Retrosigmoid Suboccipital Craniotomy and
Microsurgical Tumour Excision of Vestibular Schwannoma
This case study describes critical clinical findings in a patient with right-sided hearing loss and walking imbalance. A right vestibular schwannoma was detected in the patient. After a thorough diagnosis, Dr. Gurneet Singh Sawhney, one of the best neurosurgeon in India, recommended surgery to remove the tumour.
Moreover, Dr. Gurneet Singh Sawhney has gained extensive skills and experience performing minor to complex neuro and spinal surgeries from the past 14 years. Hence, patients have immense trust in him. Thus, they prefer him for complicated neurosurgeries like craniotomies, brain surgeries, and tumour excisions.
In this case, the patient has been diagnosed with a right vestibular schwannoma. Acoustic neuroma, also known as vestibular schwannoma, is a benign tumour that develops on the major (vestibular) nerve, connecting the inner ear to the brain. Branches of this nerve directly influence balance and hearing. Pressure from an acoustic neuroma can induce hearing loss, ringing in the ear, and instability.
Early detection of an acoustic neuroma can help prevent the tumour from developing large enough to cause significant repercussions like total hearing loss. Rarely, it can grow to the point that it presses against the brain, interfering with vital functions. Regular monitoring, radiotherapy, and surgical removal are all options for acoustic neuroma treatment.
A 32-year-old air hostess with complain of right-sided hearing loss and imbalance while walking consulted Dr. Gurneet Sawhney. He is one of the best neurosurgeon in Mumbai, India. After examining the patient’s condition, Dr. Sawhney suggested an MRI scan. She was diagnosed with right vestibular schwannoma.

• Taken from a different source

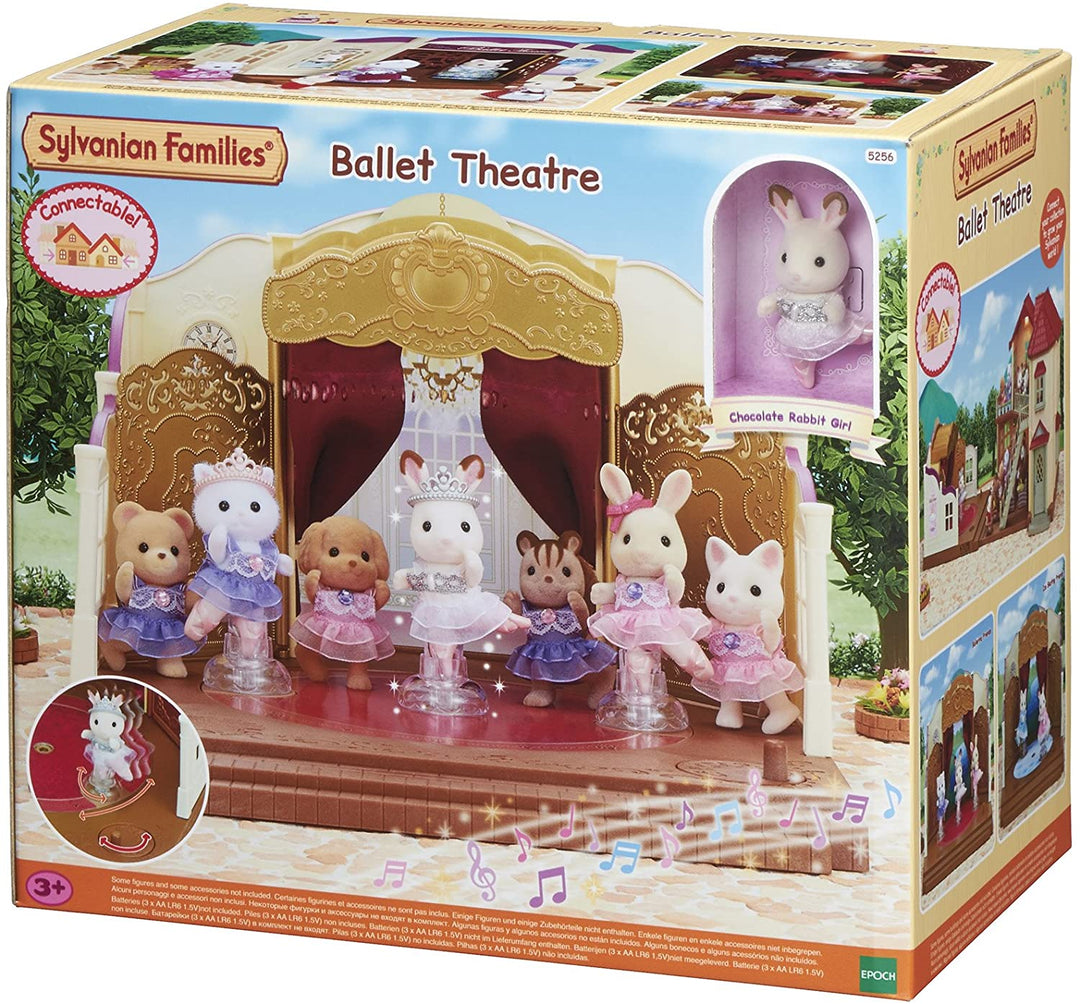 Sylvanian Families - Ballet Theatre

The brain MRI showed a large tumour arising from the right-sided vestibulocochlear nerve or the hearing nerve and was compressing on the brain stem. Further, Dr. Sawhney recommended surgery for the same.
After explaining the procedure and receiving detailed consent, the patient underwent right retrosigmoid suboccipital craniotomy and microsurgical tumour excision under intraoperative neuromonitoring. The biggest challenge in this surgery was preserving the facial nerve, or the patient may suffer a drooping paralyzed face throughout her life. Dr. Gurneet Singh Sawhney was able to preserve her facial nerve.
At present, after a year of her surgery, the patient looks confident, beautiful, and smiling gloriously. Her current MRI showed no residual tumour.